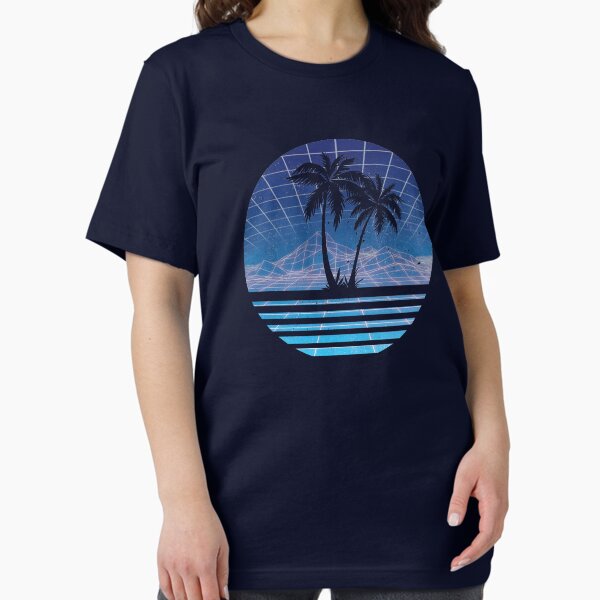 Item preview, Modern Retro 80s Outrun Sunset Palm Tree Silhouette - Blue designed and sold by RetroRoy.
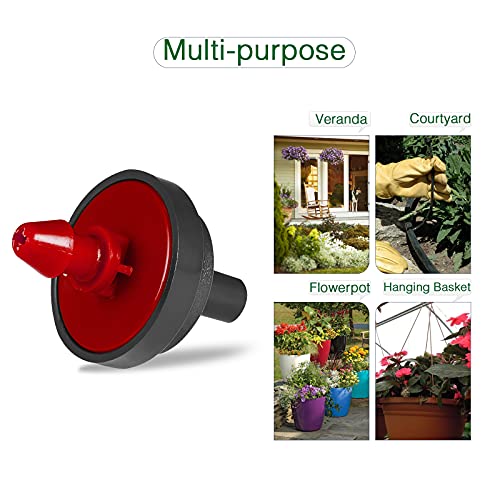 1/2 GPH Drip Emitters, 1/2 GPH Pressure Compensating Drip Emitters Maintain Constant Flow, 1/2 GPH Drip Irrigation Emitters, 50 Per Bag, Red/Black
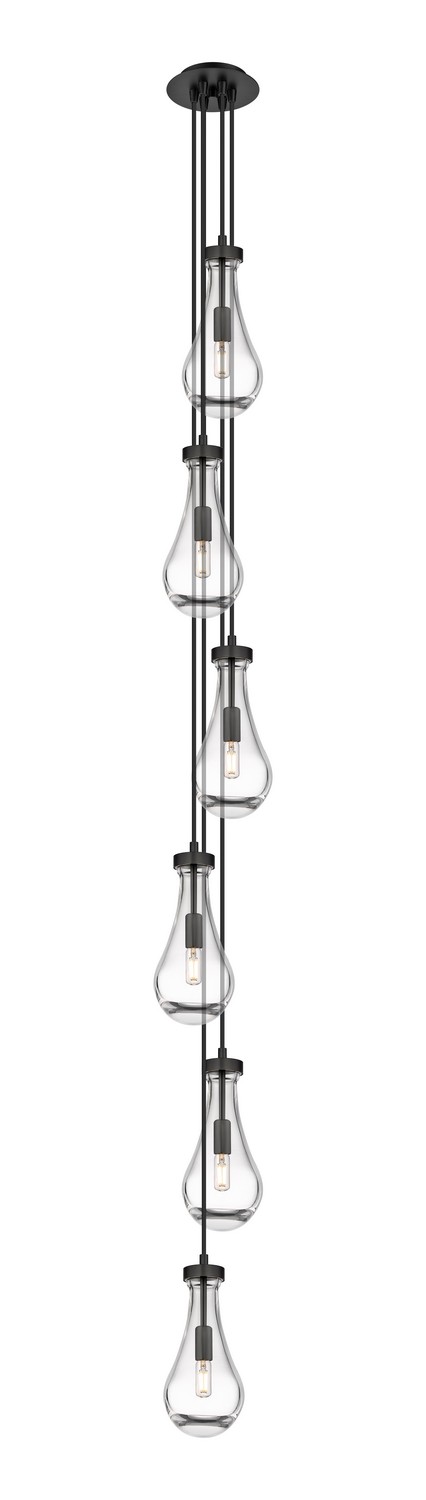 Six Light Pendant by Innovations - Downtown Urban Collection, Matte Black Finish - 106-451-1P-BK-G451-5CL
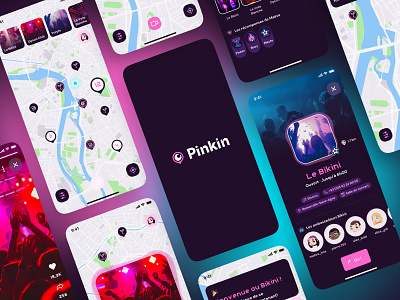 Pinkin — Mobile App app appdesign camera client design event map mobile mobileapp night onboarding project screens story ui ux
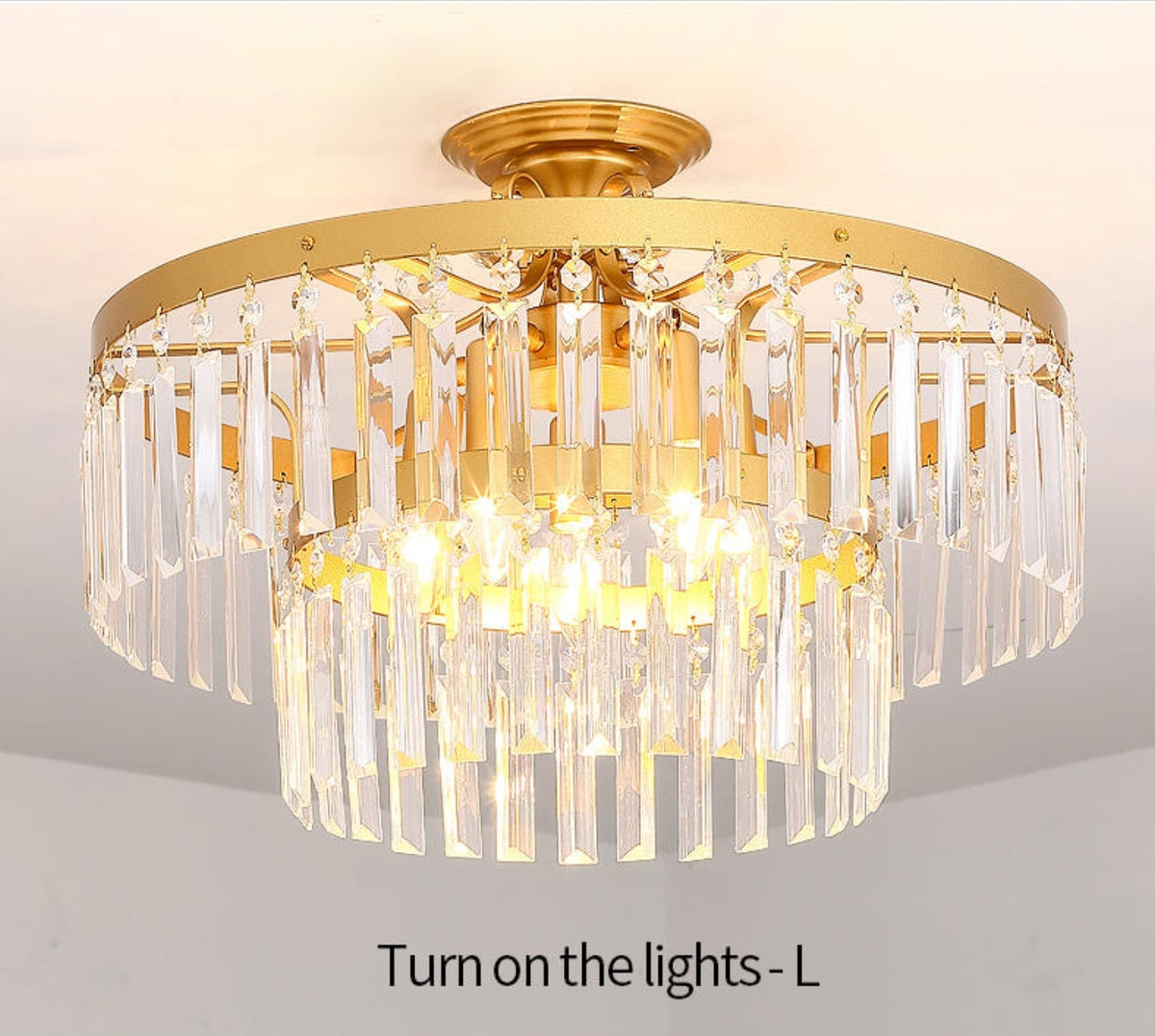 Cerium Crystal Chandelier- Gold/Black - Reflect Lighting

# WORK ITEM
Extract, word for word, every line from the one containing "Six Light Pendant" to the end of the data above, both ends included, and leave out the pictures.

# ANSWER SECTION
 Six Light Pendant by Innovations - Downtown Urban Collection, Matte Black Finish - 106-451-1P-BK-G451-5CL
 Pinkin — Mobile App app appdesign camera client design event map mobile mobileapp night onboarding project screens story ui ux
 Cerium Crystal Chandelier- Gold/Black - Reflect Lighting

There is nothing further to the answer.